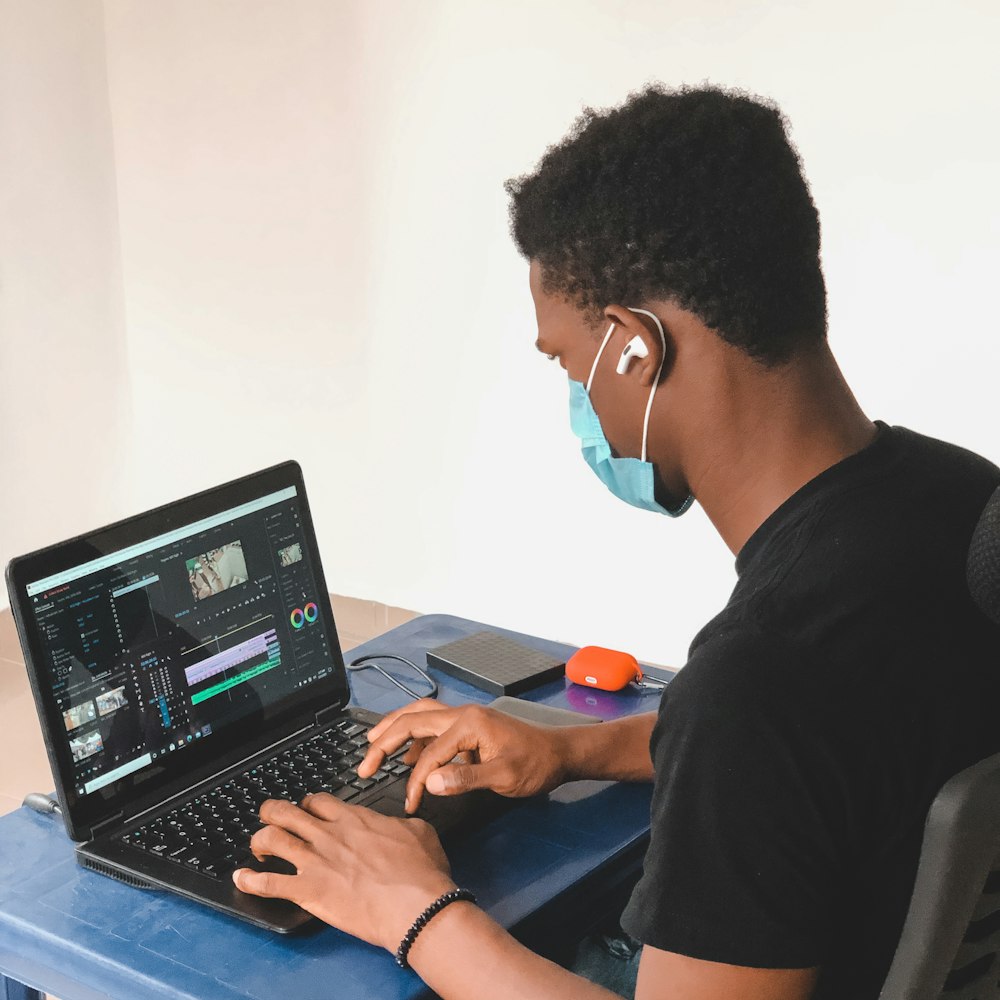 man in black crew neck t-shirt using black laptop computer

---

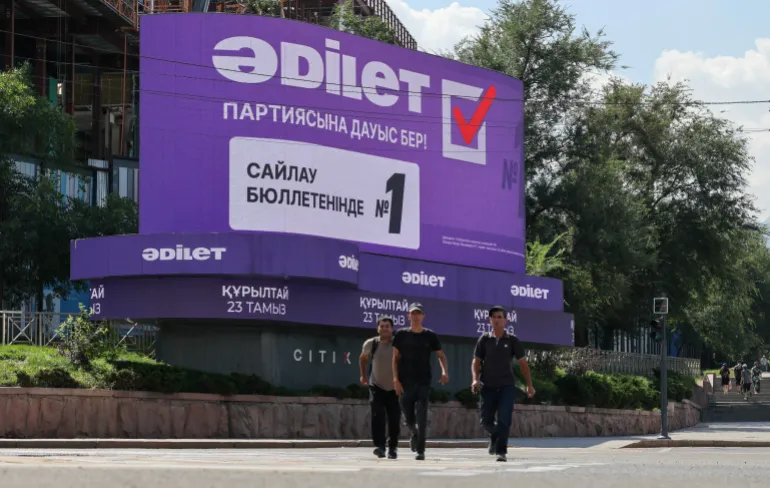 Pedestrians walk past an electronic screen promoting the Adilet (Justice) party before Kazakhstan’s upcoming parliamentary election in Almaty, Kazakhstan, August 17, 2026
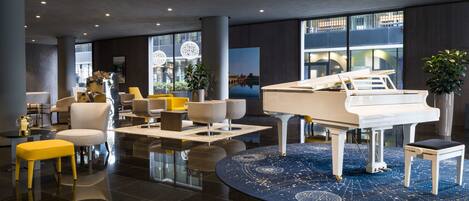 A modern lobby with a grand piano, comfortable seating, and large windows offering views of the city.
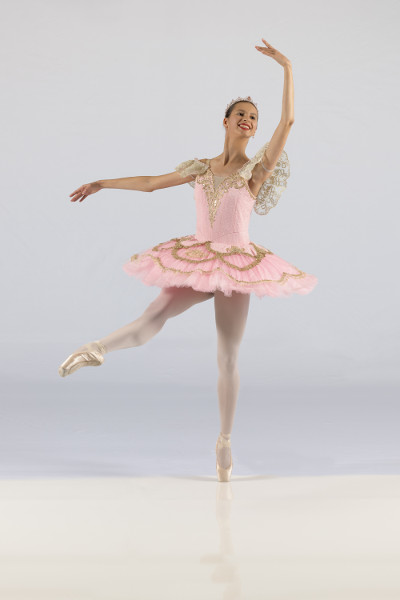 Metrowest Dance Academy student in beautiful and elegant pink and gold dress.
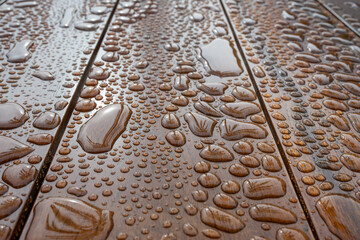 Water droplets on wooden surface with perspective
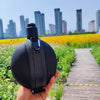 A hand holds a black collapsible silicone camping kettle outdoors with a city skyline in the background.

**What you should do:**
The line holding "Metrowest Dance Academy" starts the copy and the line holding "A hand holds" ends it. Repeat those two lines above and all between them exactly, leaving out pictures.

**Solution to the exercise:**
 Metrowest Dance Academy student in beautiful and elegant pink and gold dress.
 Water droplets on wooden surface with perspective
 A hand holds a black collapsible silicone camping kettle outdoors with a city skyline in the background.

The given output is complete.